The Real Deal New York

Ratner’s other battle

While Atlantic Yards still faces hurdles, the developer's Westchester project is under way
By Marc Ferris | February 05, 2008 04:29PM

Forest City Ratner is practically a household name in the city because of its controversial Atlantic Yards project, which is set to remake a massive swath of Brooklyn.

But a short distance north, in Westchester County, the developer has another contentious project—one that is several steps ahead of its Brooklyn development.

Four miles from the Bronx border, Ridge Hill Village will be the largest development project in Yonkers history—just as Atlantic Yards will be for Brooklyn.

The mixed-use complex is projected to cost $630 million. After five years of fierce opposition and legal challenges, the company held a ceremonial groundbreaking on the site in November, and construction is now in full swing.

The development will include 1,000 apartments, 160,000 square feet of office space, a 175-room hotel and convention center, and a multi-screen cinema. Ratner has already signed leases with L. L. Bean, Whole Foods, Banana Republic, New York & Company and movie-theater operator National Amusement.

“It’s a done deal,” said Hezi Aris, a political blogger at YonkersTribune.com and the publisher of the Westchester Times Tribune. “The administration and other interest groups eviscerated the challenge, and everyone threw in the towel.”

The price tag and scope of the project pales in comparison to the $4 billion redevelopment of the Atlantic Yards site, but the two plans are both considered massive for their communities. What’s more, they have followed similar trajectories.

Last month, a State Supreme Court judge ruled in Forest City Ratner’s favor on Atlantic Yards, dismissing a lawsuit that was attempting to block the project from moving forward. However, there are still federal lawsuits challenging Ratner’s use of eminent domain.

Until the legal hurdles are cleared, the only work being done on the site is the demolition of several buildings the company owns.

In Yonkers, it’s a different story. Ratner has cleared all of the legal hurdles.

Like some Brooklyn officials who hail the Atlantic Yards project for all of the jobs it could create, officials in Yonkers, which has long struggled to remain financially afloat, say Ridge Hill Village will jump start the droopy economy with thousands of jobs and millions of dollars in desperately needed revenue, creating an important tax base.

Also like the Atlantic Yards site, the Ridge Hill Village site has a unique history. The more than 80-acre site was once home to a drug treatment center and defense contractor Lockheed Martin, which was bought out of its lease once redevelopment efforts began. In the early 1990s, New York State began marketing the property to developers. In 2002, the city signed an agreement with Forest City Ratner for the project.

From the outset, Ridge Hill Village was dogged by opposition.

According to the Journal News, a paper that covers Westchester County, the neighboring towns sued Yonkers over the plan. They eventually dropped the suit as part of a deal in which Ratner agreed to give them $5 million to help fund short-term traffic improvements.

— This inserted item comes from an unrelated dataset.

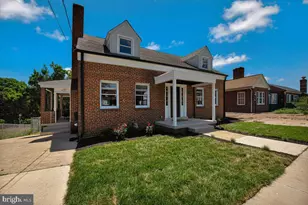 2105 Queens Chapel Rd, Hyattsville, MD 20782 - Photo 1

The company has also created a task force to be overseen by former Governor Mario Cuomo.

Another lawsuit filed by three council members argued that the city changed the number of votes needed for approval, in order to make an end run around the Westchester County Planning Board.

A State Supreme Court judge annulled the city vote, but the project won approval on the second go-around.

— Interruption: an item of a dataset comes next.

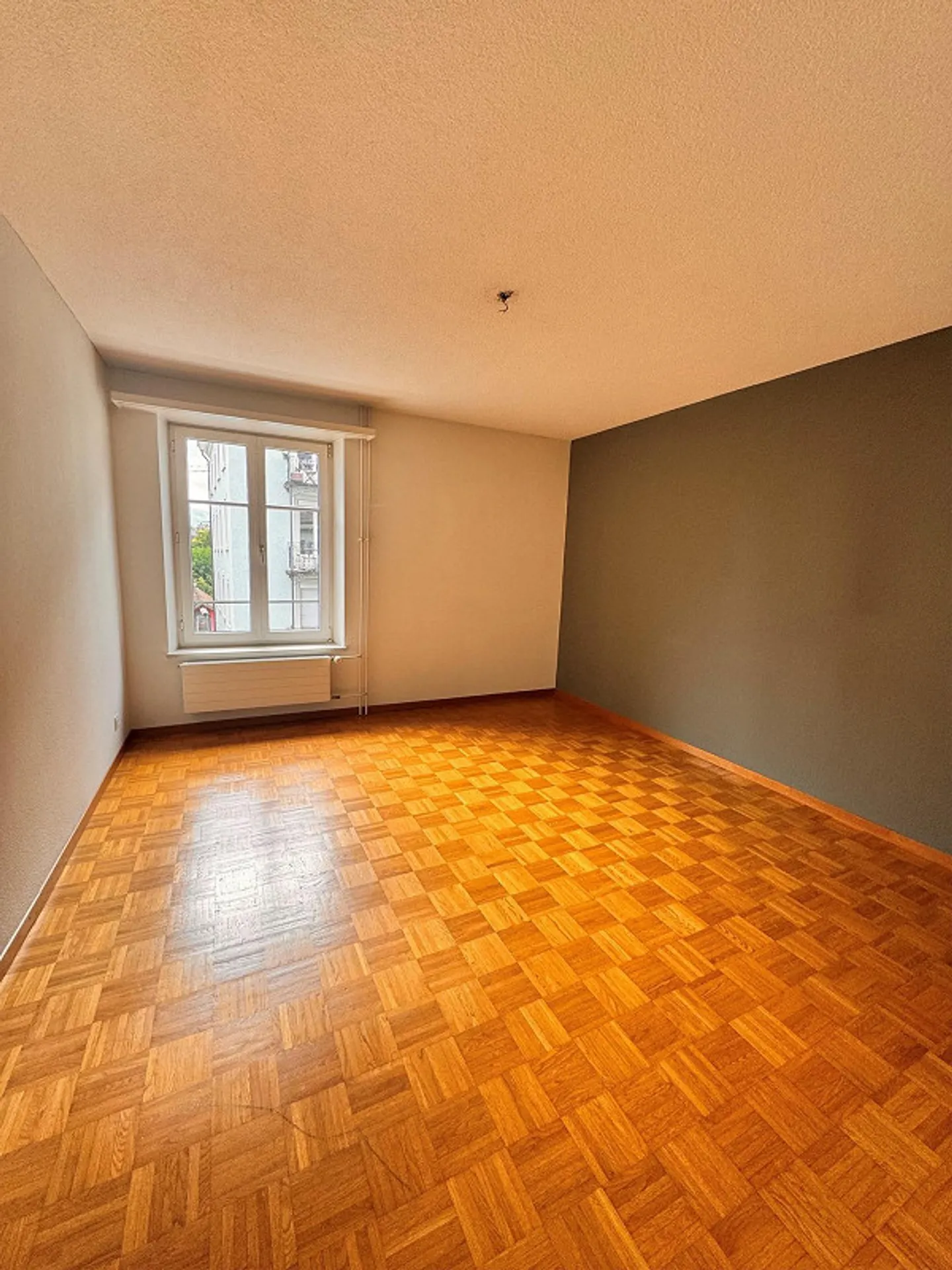 Attraktive Stadtwohnung im Kreis 4 - Foto 5 von 9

There were additional accusations of improprieties. The city was harshly criticized when it created the Ridge Hill Development Corporation—a non-profit corporation that was not subject to public oversight—to collect the money generated by the development.

“From the beginning, the whole thing had been shrouded in secrecy,” said Aris. “The city created an entity to administer the plan that is not accountable to anyone.”

According to published reports, opponents were upset that the corporation was filled with politically-connected members. The city has said it would dissolve the corporation, but even now not everyone is satisfied. Debra Cohen, a lawyer who has challenged other city developments, said the city has not come clean with where the assets went.

And last year the City Council was served with a federal subpoena that sought records connected to the project.

“They were looking at all sorts of documents, especially audio tape relating to Ridge Hill,” said Chuck Lesnick, president of the Yonkers City Council.

Lesnick noted the development corporation has been liquidated but that it “has incurred certain expenses.” He said after it pays off title, legal and consultant fees, along with incurred interest, it will be dissolved and then “there should be complete disclosure.”

Despite all of the opposition, Forest City Ratner bought out the lease for $26 million and now owns the land outright, said company spokesman Loren Riegelhaupt.

The project is scheduled for completion in summer 2009.

Helping Forest City Ratner weather the opposition in Yonkers was the fact that the lion’s share of scrutiny has been aimed at the city, not the developer. In addition, the remote location has kept the actual construction process out of the public eye.

As the name implies, though, the site represents a challenging place to build. The only existing access to the hilltop abuts the New York State Thruway’s service road. Forest City Ratner is constructing a new egress to Tuckahoe Road, a heavily congested commercial corridor that may require widening and other improvements.